Weight and volume estimation of single and occluded tomatoes using machine vision

Abstract

ABSTRACT The fundamental characteristics of agricultural products are appearance, size, and weight, which affect their market value, consumer preference, and choice. Thus, food and agricultural industries seek rapid, simple, and nondestructive approaches to assess real-time measurements at the post-harvest stage before packaging for the consumer market. While sorting and grading may be performed by humans, it is unreliable, time-consuming, complicated, subjective, onerous, expensive, and easily influenced by surroundings. Therefore, an astute sorting and grading method for tomato fruit is required. We evaluated two tomato configurations on a conveyor belt: single tomatoes (no occlusion) and multi-tomatoes (partially occluded).
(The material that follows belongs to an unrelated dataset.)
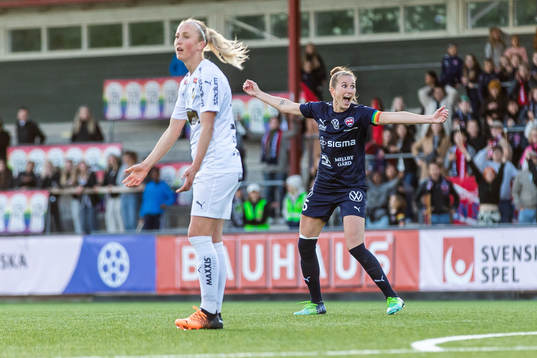Rosengårds Emma Berglund jublar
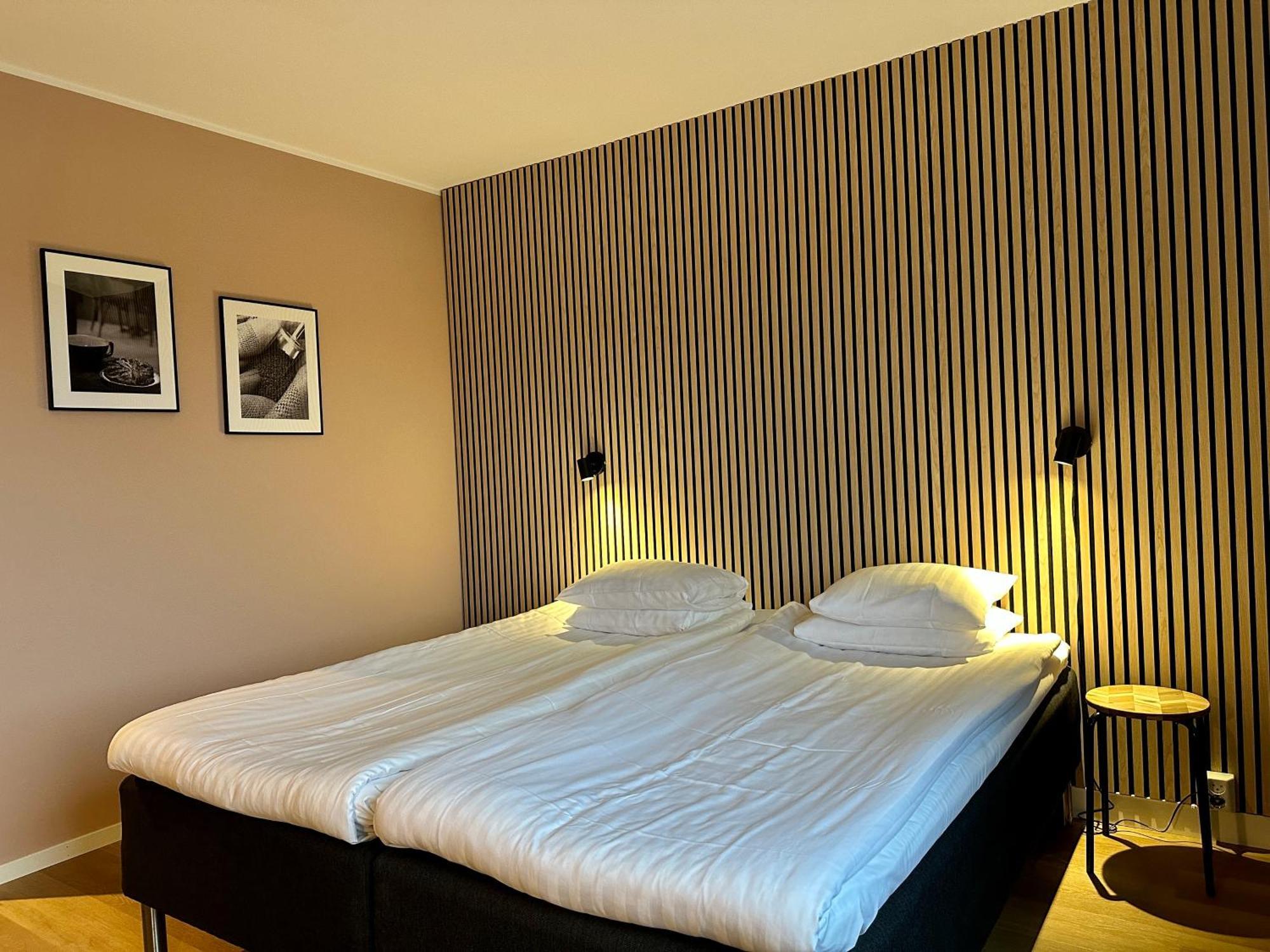 Hotell Nyboholm 얼레켐 외부 사진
We used polygon approximation for concave and convex point extraction algorithms to segment the occluded tomatoes. We developed seven models for regression using single-tomato image features. The Bayesian regularization artificial neural network outranked all the trained models in weight estimation with a root-mean-square error (RMSE) of 1.468 g and R 2 of 0.971. For volume estimation, the RBF SVM had the best performance with R 2 of 0.982 and RMSE of 1.2683 cm3. It is feasible to implement a proposed system as a noninvasive in-line sorting technique for tomatoes.